### TASK DIRECTIONS
The whole listing is to be given again without alteration, except that its pictures are dropped.

### EXERCISE DATA

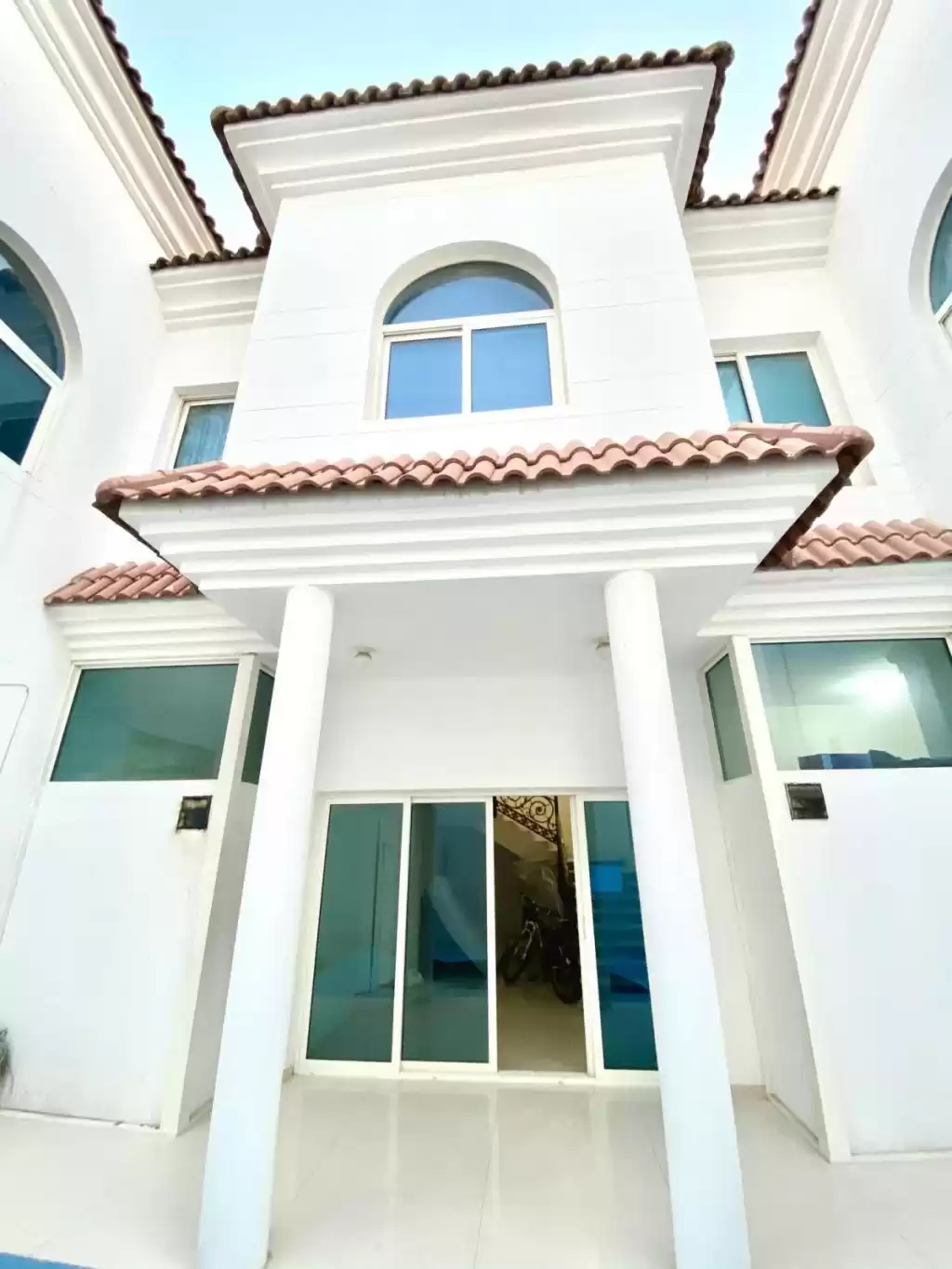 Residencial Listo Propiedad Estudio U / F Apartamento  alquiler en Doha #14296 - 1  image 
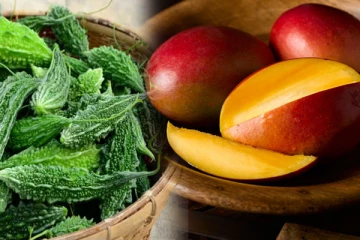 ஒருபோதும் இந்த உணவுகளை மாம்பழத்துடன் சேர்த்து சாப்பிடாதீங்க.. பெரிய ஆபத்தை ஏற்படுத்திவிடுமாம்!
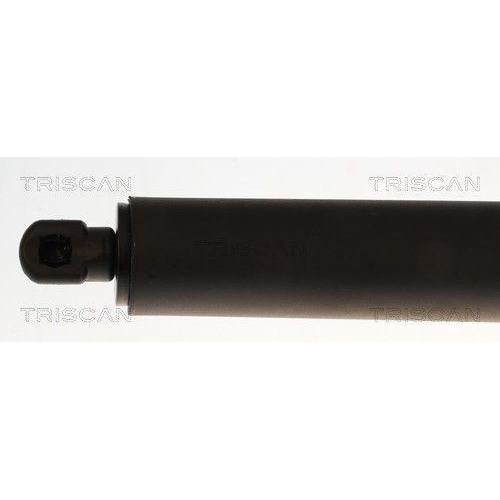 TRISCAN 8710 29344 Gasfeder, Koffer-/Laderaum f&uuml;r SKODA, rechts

### THE COMPLETED TASK
 Residencial Listo Propiedad Estudio U / F Apartamento  alquiler en Doha #14296 - 1  image 
 ஒருபோதும் இந்த உணவுகளை மாம்பழத்துடன் சேர்த்து சாப்பிடாதீங்க.. பெரிய ஆபத்தை ஏற்படுத்திவிடுமாம்!
 TRISCAN 8710 29344 Gasfeder, Koffer-/Laderaum f&uuml;r SKODA, rechts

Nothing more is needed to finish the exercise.